House debates
Tuesday, 4 February 2025
Adjournment
Economy
7:56 pm
Andrew Charlton (Parramatta, Australian Labor Party) Share this | Link to this | Hansard source
When Australians put their trust in the Albanese Labor government they backed a vision for a stronger, fairer economy, one that delivers for working people, businesses and communities alike. In challenging global times, we've delivered on our commitment to responsible economic management, ensuring that prosperity is shared while protecting the integrity of our national finances.
The Albanese government did not inherit easy economic times. In 2022 this government inherited four big economic challenges. First, we inherited high Liberal inflation, running at more than six per cent. Second, that Liberal inflation led to successive interest rate rises, which continued in the subsequent years. Third, the Liberals left us a trillion dollars worth of national debt. Fourth, they left a period of 10 years with virtually zero real wages growth. These four factors were the legacy of a Liberal government that pursued economic policies that were wrong for Australia.
As the Albanese government came to confront these challenges in 2022, we found that some of them were common around the world. Many nations were dealing with high inflation; many nations were dealing with rising interest rates. As different countries around the world battled to bring that inflation down, Australia's performance stood out. Many countries did get their inflation down over the last 2½ years, but they did so through a recession. Japan had a recession, the United Kingdom had a recession, New Zealand had a recession, Finland had a recession and Germany fell into recession. Australia is one of the few countries in this economic cycle—in fact, in modern economic cycles—that have reduced inflation by so much without falling into recession.

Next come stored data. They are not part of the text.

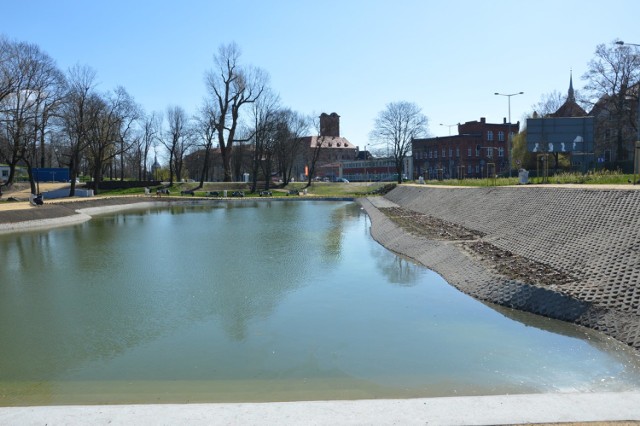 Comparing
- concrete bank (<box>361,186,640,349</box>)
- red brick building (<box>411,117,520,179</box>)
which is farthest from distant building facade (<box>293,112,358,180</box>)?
concrete bank (<box>361,186,640,349</box>)

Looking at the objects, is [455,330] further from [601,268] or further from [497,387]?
[601,268]

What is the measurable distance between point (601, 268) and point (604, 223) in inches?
118

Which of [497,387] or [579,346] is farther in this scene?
[579,346]

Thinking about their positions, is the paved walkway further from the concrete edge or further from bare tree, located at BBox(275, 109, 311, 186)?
bare tree, located at BBox(275, 109, 311, 186)

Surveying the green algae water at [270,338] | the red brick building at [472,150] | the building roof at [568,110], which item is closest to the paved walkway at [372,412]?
the green algae water at [270,338]

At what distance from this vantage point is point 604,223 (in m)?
13.4

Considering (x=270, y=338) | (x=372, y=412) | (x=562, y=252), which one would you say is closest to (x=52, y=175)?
(x=270, y=338)

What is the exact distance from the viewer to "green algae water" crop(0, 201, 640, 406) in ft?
23.9

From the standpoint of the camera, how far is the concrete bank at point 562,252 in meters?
9.72

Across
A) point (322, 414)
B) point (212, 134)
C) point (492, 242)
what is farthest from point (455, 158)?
point (322, 414)

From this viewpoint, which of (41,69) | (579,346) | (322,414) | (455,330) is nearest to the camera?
(322,414)

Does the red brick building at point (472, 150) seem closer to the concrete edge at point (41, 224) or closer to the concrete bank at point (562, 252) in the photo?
the concrete edge at point (41, 224)

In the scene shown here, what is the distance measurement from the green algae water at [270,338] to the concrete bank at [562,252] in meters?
0.52

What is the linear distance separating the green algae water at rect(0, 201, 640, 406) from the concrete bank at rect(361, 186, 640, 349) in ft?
1.70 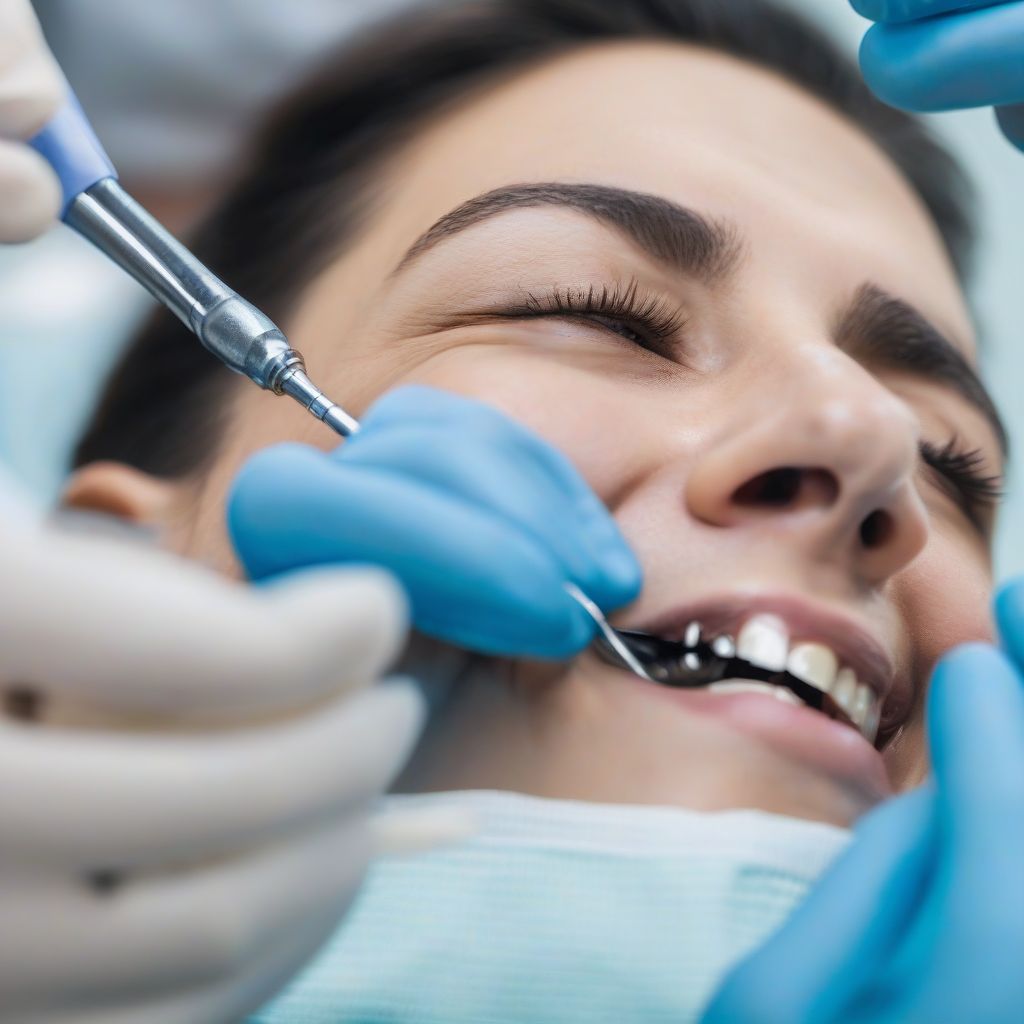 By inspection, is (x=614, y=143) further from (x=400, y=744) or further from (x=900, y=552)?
(x=400, y=744)

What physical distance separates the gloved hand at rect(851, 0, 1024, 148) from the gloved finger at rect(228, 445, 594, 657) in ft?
2.35

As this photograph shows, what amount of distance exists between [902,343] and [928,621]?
279 mm

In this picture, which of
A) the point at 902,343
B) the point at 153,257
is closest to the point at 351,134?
the point at 153,257

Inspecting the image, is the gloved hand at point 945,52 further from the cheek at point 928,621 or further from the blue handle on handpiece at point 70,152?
the blue handle on handpiece at point 70,152

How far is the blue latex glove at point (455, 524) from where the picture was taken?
0.74 meters

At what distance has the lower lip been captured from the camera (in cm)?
85

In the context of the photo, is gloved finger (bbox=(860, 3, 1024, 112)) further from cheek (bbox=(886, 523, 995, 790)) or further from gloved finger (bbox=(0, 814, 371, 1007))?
gloved finger (bbox=(0, 814, 371, 1007))

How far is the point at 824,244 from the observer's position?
1.12 m

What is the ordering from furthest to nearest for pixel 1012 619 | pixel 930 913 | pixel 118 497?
pixel 118 497
pixel 1012 619
pixel 930 913

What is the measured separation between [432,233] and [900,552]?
50 cm

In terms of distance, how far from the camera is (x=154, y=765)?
22.3 inches

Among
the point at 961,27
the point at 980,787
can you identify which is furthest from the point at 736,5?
the point at 980,787

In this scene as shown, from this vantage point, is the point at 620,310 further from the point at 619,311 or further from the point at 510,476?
the point at 510,476

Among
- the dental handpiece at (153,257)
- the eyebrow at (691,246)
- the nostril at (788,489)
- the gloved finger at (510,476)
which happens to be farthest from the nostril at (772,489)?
the dental handpiece at (153,257) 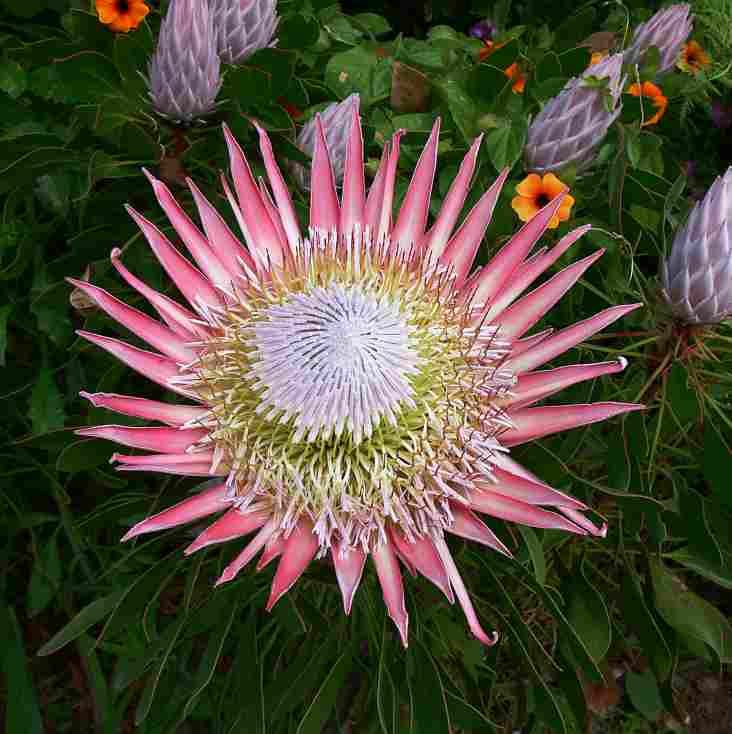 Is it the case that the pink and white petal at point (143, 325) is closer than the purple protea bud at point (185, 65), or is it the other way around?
the pink and white petal at point (143, 325)

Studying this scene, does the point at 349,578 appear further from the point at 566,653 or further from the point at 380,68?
the point at 380,68

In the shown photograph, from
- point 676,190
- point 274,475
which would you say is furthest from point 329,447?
point 676,190

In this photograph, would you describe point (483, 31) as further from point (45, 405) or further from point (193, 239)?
point (45, 405)

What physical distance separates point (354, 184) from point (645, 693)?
162 centimetres

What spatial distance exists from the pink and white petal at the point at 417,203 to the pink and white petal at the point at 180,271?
0.32m

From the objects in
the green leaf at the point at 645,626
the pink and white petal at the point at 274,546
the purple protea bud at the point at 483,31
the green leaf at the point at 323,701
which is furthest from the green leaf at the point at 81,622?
the purple protea bud at the point at 483,31

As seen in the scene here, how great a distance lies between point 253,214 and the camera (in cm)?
142

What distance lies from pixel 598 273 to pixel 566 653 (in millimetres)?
770

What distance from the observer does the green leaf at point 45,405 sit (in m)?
1.89

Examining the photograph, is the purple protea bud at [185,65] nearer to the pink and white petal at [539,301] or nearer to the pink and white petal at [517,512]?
the pink and white petal at [539,301]

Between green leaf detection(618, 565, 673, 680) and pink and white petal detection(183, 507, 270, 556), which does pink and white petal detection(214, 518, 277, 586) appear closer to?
pink and white petal detection(183, 507, 270, 556)

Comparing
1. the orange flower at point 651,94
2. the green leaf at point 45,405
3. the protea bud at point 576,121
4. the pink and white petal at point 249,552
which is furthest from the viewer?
the green leaf at point 45,405

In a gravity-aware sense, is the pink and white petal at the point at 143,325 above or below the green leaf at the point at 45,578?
above

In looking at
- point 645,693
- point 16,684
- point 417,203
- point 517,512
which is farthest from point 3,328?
point 645,693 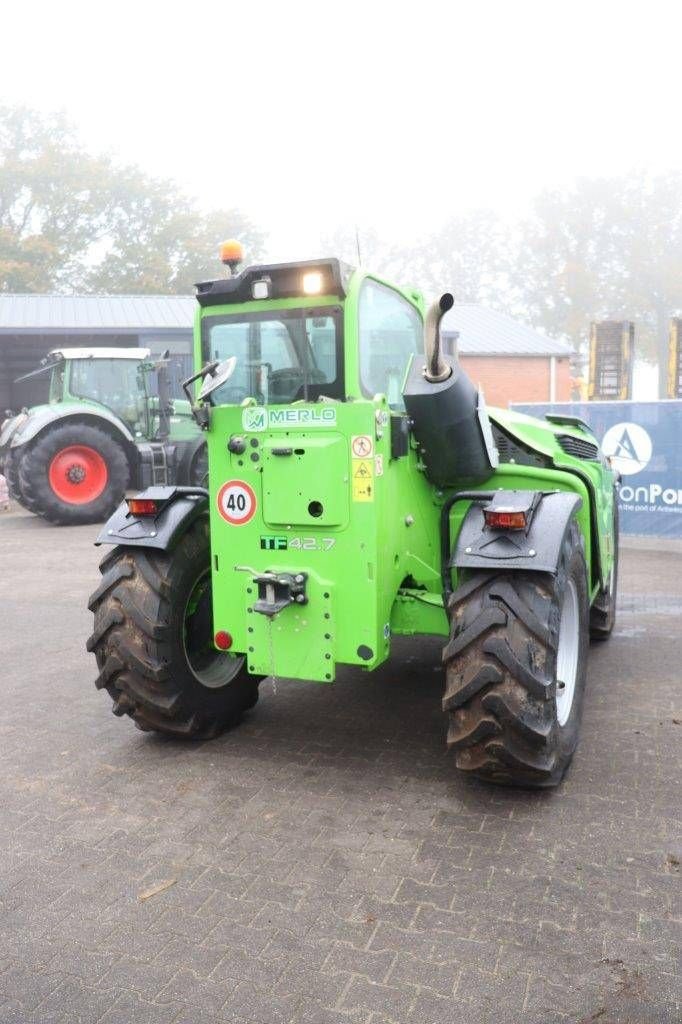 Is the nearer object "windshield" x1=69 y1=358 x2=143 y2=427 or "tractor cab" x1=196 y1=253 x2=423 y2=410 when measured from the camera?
"tractor cab" x1=196 y1=253 x2=423 y2=410

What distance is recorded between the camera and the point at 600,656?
19.8 ft

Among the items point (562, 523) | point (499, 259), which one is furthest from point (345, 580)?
point (499, 259)

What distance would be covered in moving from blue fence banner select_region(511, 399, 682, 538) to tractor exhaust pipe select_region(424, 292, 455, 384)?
741cm

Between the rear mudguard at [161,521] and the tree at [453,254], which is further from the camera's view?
the tree at [453,254]

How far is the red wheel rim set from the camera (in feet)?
46.3

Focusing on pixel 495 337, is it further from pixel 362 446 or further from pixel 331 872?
pixel 331 872

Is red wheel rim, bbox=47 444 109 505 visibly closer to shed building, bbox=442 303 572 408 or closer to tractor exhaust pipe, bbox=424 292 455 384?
tractor exhaust pipe, bbox=424 292 455 384

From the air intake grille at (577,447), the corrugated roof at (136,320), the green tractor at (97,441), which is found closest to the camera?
the air intake grille at (577,447)

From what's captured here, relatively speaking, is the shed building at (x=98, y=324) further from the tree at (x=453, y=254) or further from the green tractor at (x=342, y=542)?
the tree at (x=453, y=254)

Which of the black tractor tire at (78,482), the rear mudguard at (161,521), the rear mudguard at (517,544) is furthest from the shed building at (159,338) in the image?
the rear mudguard at (517,544)

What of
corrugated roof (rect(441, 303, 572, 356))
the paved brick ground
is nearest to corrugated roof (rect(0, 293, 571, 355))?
corrugated roof (rect(441, 303, 572, 356))

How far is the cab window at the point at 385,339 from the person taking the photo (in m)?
4.20

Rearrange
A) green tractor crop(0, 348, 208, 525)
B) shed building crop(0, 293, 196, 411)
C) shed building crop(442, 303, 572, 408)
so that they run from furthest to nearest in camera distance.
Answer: shed building crop(442, 303, 572, 408) < shed building crop(0, 293, 196, 411) < green tractor crop(0, 348, 208, 525)

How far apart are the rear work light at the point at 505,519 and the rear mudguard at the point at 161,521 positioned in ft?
5.18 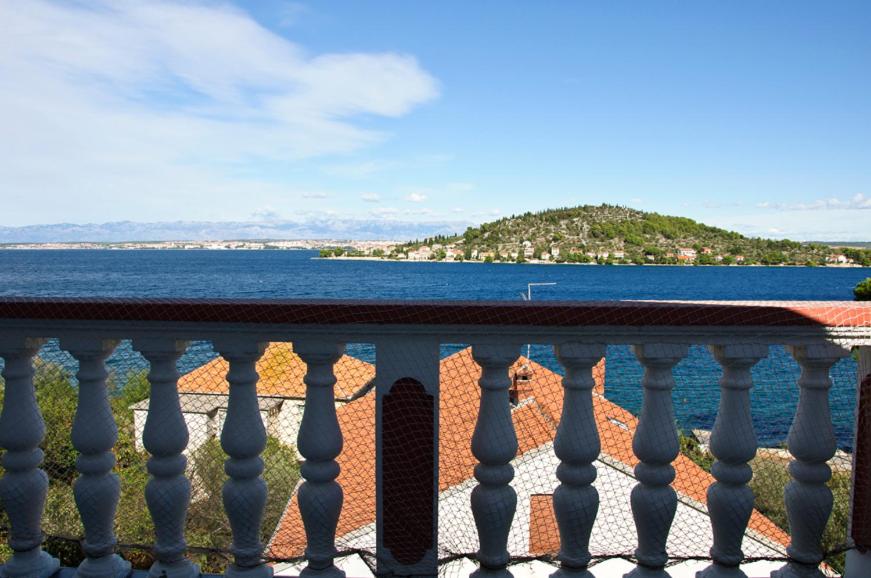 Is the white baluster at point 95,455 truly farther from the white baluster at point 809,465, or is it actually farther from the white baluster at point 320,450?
the white baluster at point 809,465

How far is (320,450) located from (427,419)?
1.07ft

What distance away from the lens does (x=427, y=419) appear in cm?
182

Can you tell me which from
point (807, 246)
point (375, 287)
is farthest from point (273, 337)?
point (807, 246)

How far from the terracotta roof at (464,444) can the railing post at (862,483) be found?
203 millimetres

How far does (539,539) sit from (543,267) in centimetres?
15593

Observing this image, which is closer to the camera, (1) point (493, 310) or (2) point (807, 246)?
(1) point (493, 310)

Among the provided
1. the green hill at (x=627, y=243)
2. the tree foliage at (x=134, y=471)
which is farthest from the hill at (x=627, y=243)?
the tree foliage at (x=134, y=471)

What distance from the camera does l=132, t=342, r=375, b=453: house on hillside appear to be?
6.73 ft

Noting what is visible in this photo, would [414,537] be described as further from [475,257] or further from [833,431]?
[475,257]

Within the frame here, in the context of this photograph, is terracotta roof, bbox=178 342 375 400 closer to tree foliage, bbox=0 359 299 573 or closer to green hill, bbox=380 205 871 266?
tree foliage, bbox=0 359 299 573

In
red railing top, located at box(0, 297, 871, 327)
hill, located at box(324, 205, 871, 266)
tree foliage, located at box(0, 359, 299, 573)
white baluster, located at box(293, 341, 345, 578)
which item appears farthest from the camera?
hill, located at box(324, 205, 871, 266)

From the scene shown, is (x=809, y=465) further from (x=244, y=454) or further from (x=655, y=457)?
(x=244, y=454)

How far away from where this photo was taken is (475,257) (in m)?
173

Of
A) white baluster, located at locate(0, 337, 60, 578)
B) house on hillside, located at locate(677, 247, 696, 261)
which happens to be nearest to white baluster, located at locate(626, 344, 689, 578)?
white baluster, located at locate(0, 337, 60, 578) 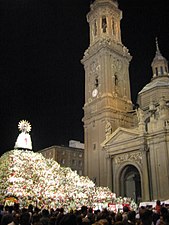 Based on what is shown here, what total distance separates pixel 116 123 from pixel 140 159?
8218 mm

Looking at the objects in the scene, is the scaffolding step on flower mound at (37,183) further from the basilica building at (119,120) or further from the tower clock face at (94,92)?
the tower clock face at (94,92)

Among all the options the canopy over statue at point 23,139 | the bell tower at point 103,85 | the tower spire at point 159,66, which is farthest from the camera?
the tower spire at point 159,66

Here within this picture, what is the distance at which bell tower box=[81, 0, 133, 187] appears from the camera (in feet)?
127

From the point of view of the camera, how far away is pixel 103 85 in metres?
40.8

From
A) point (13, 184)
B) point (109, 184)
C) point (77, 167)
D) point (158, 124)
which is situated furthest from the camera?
point (77, 167)

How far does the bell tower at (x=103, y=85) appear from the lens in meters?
38.6

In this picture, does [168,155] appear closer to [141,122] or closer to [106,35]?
[141,122]

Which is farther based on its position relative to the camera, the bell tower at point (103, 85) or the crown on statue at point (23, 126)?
the bell tower at point (103, 85)

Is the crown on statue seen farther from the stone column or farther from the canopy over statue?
the stone column

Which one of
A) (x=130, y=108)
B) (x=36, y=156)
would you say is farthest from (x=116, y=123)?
(x=36, y=156)

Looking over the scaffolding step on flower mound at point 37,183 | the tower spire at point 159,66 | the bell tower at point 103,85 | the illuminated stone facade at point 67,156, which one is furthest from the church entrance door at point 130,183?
the illuminated stone facade at point 67,156

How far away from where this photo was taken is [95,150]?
129ft

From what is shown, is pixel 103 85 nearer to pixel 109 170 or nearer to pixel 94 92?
pixel 94 92

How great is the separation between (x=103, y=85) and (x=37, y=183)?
2310 cm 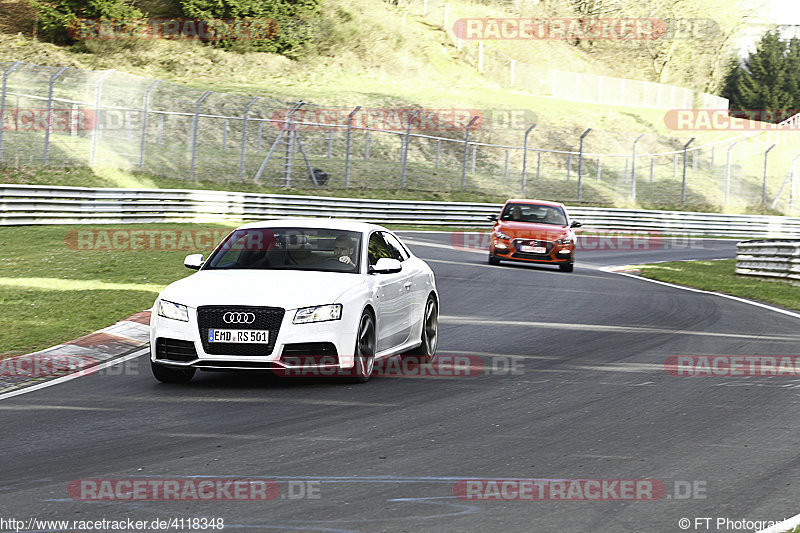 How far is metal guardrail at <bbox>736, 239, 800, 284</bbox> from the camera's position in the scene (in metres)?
23.4

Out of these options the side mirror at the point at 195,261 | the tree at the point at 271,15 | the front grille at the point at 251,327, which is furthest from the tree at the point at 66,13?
the front grille at the point at 251,327

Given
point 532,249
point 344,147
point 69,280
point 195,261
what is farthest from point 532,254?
point 344,147

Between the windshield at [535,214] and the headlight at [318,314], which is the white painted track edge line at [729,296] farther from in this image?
the headlight at [318,314]

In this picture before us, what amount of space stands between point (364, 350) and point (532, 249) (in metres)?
15.3

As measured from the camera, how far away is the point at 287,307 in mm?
9117

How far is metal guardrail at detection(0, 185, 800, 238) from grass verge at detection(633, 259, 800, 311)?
1175 centimetres

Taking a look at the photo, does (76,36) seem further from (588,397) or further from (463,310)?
(588,397)

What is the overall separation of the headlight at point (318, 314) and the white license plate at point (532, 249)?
1560cm

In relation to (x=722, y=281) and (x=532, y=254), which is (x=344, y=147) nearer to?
(x=532, y=254)

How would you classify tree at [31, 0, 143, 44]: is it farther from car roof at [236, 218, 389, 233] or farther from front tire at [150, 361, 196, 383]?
front tire at [150, 361, 196, 383]

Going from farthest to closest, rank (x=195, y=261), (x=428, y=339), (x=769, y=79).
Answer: (x=769, y=79) → (x=428, y=339) → (x=195, y=261)

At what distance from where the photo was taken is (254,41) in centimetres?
5994

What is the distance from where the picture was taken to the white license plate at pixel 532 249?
24406 mm

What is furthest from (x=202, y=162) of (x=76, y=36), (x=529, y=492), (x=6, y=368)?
(x=529, y=492)
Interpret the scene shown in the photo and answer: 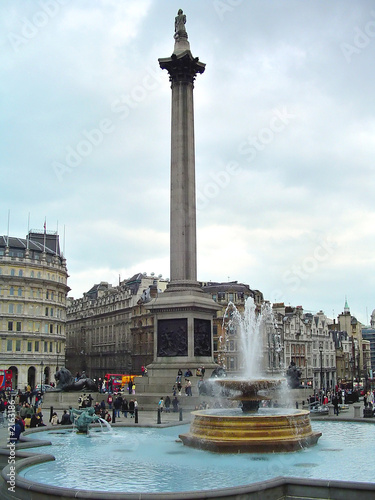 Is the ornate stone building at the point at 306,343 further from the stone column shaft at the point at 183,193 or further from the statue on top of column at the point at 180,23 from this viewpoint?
the statue on top of column at the point at 180,23

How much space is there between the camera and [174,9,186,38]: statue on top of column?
46969 millimetres


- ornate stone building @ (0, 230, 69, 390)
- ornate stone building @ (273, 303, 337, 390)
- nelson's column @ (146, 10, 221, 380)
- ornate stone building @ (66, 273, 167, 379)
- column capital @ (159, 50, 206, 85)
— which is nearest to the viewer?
nelson's column @ (146, 10, 221, 380)

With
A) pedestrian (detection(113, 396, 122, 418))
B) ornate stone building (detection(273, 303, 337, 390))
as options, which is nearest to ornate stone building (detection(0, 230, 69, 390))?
ornate stone building (detection(273, 303, 337, 390))

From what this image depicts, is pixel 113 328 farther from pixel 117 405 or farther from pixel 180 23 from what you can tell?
pixel 117 405

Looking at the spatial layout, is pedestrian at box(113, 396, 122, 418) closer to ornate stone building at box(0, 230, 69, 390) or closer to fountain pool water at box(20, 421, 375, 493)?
fountain pool water at box(20, 421, 375, 493)

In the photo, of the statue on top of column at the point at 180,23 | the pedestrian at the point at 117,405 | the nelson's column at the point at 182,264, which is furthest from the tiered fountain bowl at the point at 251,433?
the statue on top of column at the point at 180,23

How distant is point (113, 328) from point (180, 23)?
2848 inches

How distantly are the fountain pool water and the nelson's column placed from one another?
1801 centimetres

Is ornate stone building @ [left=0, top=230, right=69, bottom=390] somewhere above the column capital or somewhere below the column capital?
below

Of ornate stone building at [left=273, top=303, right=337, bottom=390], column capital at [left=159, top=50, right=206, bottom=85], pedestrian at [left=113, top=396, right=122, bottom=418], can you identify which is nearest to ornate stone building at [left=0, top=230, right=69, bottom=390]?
ornate stone building at [left=273, top=303, right=337, bottom=390]

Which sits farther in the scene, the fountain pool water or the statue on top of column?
the statue on top of column

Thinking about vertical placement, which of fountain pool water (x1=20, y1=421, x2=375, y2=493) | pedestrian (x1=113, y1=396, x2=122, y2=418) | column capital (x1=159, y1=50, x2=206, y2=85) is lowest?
fountain pool water (x1=20, y1=421, x2=375, y2=493)

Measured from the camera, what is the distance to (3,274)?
79125 mm

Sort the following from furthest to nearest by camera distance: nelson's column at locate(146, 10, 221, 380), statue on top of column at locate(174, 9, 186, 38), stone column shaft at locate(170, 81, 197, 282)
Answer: statue on top of column at locate(174, 9, 186, 38), stone column shaft at locate(170, 81, 197, 282), nelson's column at locate(146, 10, 221, 380) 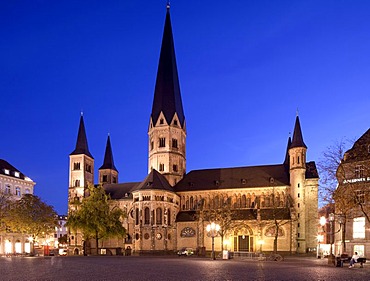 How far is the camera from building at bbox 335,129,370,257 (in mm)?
46688

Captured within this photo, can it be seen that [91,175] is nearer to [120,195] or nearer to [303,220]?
[120,195]

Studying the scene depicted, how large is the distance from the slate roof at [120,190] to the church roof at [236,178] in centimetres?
1289

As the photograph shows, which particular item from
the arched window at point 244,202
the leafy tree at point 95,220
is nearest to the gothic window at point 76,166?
the leafy tree at point 95,220

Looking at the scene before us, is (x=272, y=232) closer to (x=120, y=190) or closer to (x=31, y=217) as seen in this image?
(x=120, y=190)

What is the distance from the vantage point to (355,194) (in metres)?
45.8

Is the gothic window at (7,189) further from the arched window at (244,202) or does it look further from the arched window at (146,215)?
the arched window at (244,202)

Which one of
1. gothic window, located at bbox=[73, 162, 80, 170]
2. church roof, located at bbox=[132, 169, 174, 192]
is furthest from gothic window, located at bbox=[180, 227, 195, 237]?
gothic window, located at bbox=[73, 162, 80, 170]

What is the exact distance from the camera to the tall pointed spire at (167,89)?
117250 millimetres

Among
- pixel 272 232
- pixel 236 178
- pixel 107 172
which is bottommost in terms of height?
pixel 272 232

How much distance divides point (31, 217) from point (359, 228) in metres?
57.8

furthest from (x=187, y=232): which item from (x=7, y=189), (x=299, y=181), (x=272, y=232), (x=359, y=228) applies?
(x=359, y=228)

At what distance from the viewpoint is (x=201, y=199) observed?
109500 mm

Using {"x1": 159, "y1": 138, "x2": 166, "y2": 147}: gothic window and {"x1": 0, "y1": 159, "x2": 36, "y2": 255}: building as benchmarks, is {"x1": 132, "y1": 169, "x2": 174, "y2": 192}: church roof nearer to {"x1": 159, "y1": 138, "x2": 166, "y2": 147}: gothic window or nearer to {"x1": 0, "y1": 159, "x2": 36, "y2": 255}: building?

It's the soft landing, the challenging Goldilocks outcome, that has caused Australia to reduce inflation while maintaining low unemployment—lower unemployment, indeed, over the term of this government than over the term of any recent government. It would be a remarkable fact in any circumstances but is made more remarkable by the fact that we had to do it at the same time as a steep reduction in inflation.
We also delivered two budget surpluses, the first budget surpluses in 15 years. So this is a record of falling inflation, maintaining employment, and fiscal discipline—the hallmarks of good economic management, delivered by the Albanese government.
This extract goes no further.